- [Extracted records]
■ ■ ■
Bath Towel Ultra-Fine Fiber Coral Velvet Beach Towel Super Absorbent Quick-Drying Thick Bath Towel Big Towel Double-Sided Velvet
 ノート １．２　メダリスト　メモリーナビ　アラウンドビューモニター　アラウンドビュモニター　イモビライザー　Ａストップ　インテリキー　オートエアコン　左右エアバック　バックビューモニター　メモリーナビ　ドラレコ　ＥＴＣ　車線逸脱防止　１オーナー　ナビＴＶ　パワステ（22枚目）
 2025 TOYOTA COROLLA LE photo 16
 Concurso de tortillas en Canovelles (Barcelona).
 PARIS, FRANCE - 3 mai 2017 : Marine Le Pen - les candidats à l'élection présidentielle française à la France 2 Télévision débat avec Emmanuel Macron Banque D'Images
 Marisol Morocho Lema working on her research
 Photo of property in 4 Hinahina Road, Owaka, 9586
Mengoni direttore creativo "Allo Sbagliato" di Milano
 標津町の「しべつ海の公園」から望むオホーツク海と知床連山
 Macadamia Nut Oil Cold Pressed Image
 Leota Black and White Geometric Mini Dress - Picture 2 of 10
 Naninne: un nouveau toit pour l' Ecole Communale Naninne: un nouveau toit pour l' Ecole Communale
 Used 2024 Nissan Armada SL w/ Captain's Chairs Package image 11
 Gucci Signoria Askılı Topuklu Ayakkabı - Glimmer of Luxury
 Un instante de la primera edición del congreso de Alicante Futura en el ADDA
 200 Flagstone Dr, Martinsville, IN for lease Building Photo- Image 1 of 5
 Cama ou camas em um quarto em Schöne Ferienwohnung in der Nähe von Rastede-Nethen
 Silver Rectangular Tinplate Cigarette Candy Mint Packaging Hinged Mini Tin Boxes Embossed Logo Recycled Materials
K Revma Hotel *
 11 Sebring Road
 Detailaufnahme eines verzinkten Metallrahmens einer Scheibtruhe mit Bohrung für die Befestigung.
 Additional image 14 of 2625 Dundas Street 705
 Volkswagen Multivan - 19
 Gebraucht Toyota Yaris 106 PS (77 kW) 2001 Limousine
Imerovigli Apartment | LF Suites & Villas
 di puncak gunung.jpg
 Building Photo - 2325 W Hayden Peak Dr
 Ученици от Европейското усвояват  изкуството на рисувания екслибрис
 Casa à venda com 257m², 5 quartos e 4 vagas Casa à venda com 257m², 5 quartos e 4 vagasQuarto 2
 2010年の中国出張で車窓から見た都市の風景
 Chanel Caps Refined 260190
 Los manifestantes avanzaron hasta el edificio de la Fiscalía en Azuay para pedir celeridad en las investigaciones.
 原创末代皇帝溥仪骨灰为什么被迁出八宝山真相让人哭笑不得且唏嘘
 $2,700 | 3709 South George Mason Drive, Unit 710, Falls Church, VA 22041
■ ■ ■
- [PROBLEM REQUIREMENTS] Please output exactly the lines between the one holding "Silver Rectangular Tinplate" and the one holding "Volkswagen Multivan - 19" in the records above, inclusive, and nothing more.

- [YOUR SOLUTION]
 Silver Rectangular Tinplate Cigarette Candy Mint Packaging Hinged Mini Tin Boxes Embossed Logo Recycled Materials
K Revma Hotel *
 11 Sebring Road
 Detailaufnahme eines verzinkten Metallrahmens einer Scheibtruhe mit Bohrung für die Befestigung.
 Additional image 14 of 2625 Dundas Street 705
 Volkswagen Multivan - 19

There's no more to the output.